Required work:
In the listing below, find the line with "Glowen Raptor met" and the line with "Feather Headpiece Black Braid And Plume". Repeat those two lines and all lines between them exactly.

Content starts

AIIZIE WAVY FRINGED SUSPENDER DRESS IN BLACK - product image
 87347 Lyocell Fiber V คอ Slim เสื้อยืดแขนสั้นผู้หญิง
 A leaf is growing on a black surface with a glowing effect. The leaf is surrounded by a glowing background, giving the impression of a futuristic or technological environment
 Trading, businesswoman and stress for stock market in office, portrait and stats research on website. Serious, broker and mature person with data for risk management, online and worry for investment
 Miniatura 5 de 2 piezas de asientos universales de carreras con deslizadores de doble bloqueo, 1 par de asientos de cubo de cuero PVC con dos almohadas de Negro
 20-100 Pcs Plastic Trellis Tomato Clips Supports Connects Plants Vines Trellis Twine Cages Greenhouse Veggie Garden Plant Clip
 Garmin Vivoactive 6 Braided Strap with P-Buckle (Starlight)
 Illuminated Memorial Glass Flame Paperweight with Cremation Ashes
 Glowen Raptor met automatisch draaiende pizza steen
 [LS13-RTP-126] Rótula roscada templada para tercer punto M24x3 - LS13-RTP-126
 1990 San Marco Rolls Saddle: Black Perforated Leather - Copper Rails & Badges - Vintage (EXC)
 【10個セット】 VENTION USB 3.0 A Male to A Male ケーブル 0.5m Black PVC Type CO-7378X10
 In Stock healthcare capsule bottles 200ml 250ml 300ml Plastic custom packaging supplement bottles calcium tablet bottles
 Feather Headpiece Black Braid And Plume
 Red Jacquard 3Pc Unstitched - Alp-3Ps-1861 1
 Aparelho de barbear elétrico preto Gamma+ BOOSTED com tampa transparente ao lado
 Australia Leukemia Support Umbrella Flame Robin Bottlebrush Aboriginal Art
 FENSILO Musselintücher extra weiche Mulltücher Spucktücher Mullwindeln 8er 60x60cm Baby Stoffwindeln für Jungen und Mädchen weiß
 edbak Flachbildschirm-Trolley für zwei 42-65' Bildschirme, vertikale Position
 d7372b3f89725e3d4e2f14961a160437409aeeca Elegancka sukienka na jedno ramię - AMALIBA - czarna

Content ends

Result for this task:
 Glowen Raptor met automatisch draaiende pizza steen
 [LS13-RTP-126] Rótula roscada templada para tercer punto M24x3 - LS13-RTP-126
 1990 San Marco Rolls Saddle: Black Perforated Leather - Copper Rails & Badges - Vintage (EXC)
 【10個セット】 VENTION USB 3.0 A Male to A Male ケーブル 0.5m Black PVC Type CO-7378X10
 In Stock healthcare capsule bottles 200ml 250ml 300ml Plastic custom packaging supplement bottles calcium tablet bottles
 Feather Headpiece Black Braid And Plume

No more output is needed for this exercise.